Detecting potential collisions will now take about four cell/circle tests per circle, i.e. close to linear time.

For a simple solution, insert the centers in a 2d-tree and perform circular range queries around every center with a query radius 2R. In good conditions, this can be O(N Log(N)).

Alternatively, just sort the centers on X and try all circles in turn: by dichotomic search, locate the abscissa Xc and scan to Xc-2R and to Xc+2R, then check the 2D distance.

The cost of the dichotomic searches will be O(N Log(N)). If the circles are uniformly spread out in a square of side S, a stripe of width 4R contains 4RN/S circles, hence a total comparison cost of 4RN²/S. This is a good performance if S is large (think that for N tightly packed circles in a square, S~2R√N, hence 2N√N comparisons).

Direct answer: You cannot get better than O(n^2) in general since the circles could potentially all overlap, so you have to generate n^2 answers.

If you get more specific, you might get better answers. For example, if what you are really trying to do is find bounding spheres in a 2D simulation, you can profit from the fact that entities only move so far between frames, if the circles are sparse it's different from when they are tightly packed, etc. So let us know more about what it's all about.

EDIT: You edited your question - you indeed are looking for collision detection in a 2D simulation. If you check out https://en.wikipedia.org/wiki/Collision_detection , they point to several algorithms for exactly your case.

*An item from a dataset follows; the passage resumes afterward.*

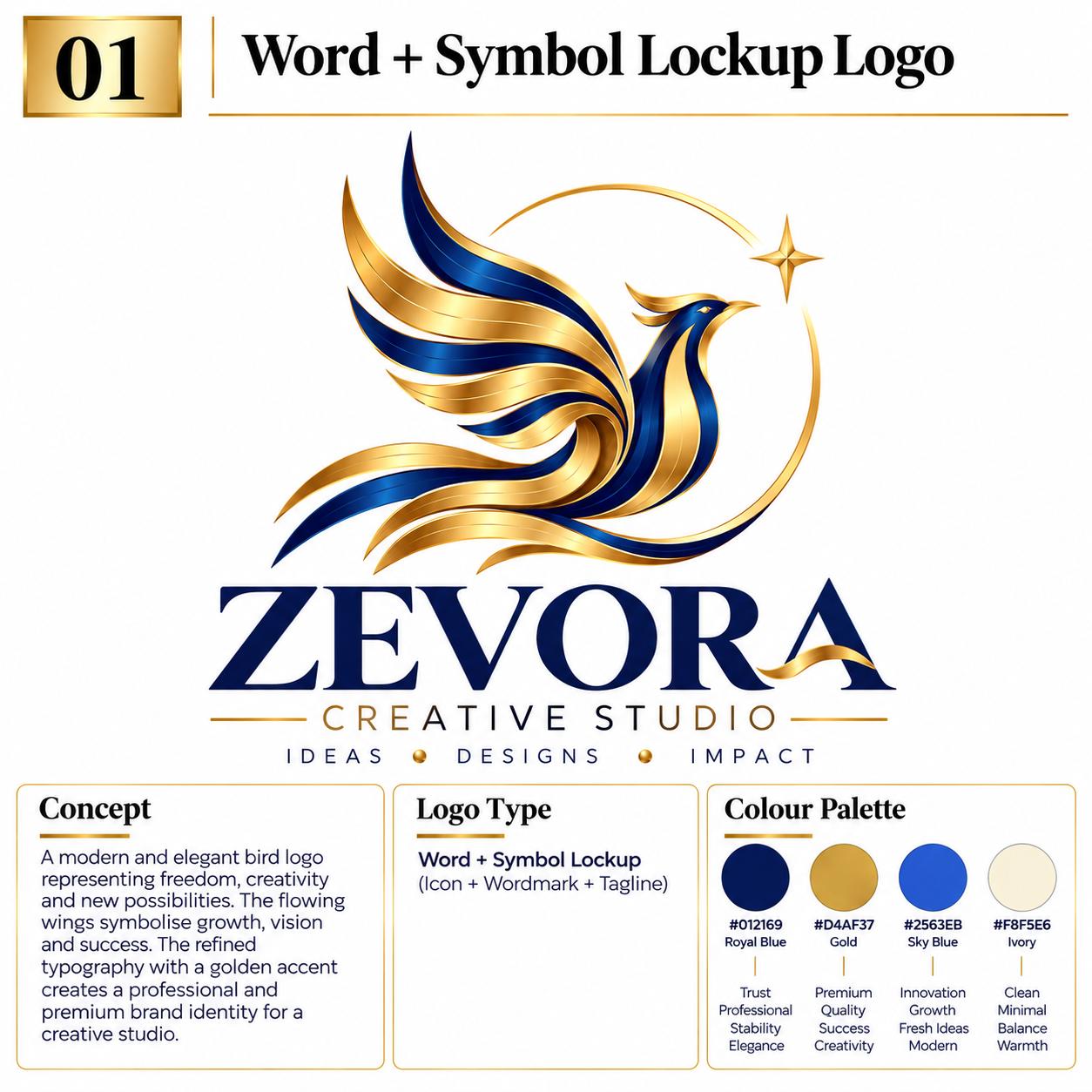 Word and symbol lockup logo example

I like the one detailed right on that page where you keep one list of bounding intervals per axis (2 in "2D") and only need to "work hard" when those bounding intervals (which are themself by definition one-dimensional) change (i.e., there "overlap state"). This removes the O(n²) for well-behaved cases. They don't give an estimate for the complexity of that, but as it basically comes down to sorting, it looks more or less O(n logn) to me, and less when there are only minimal changes between frames.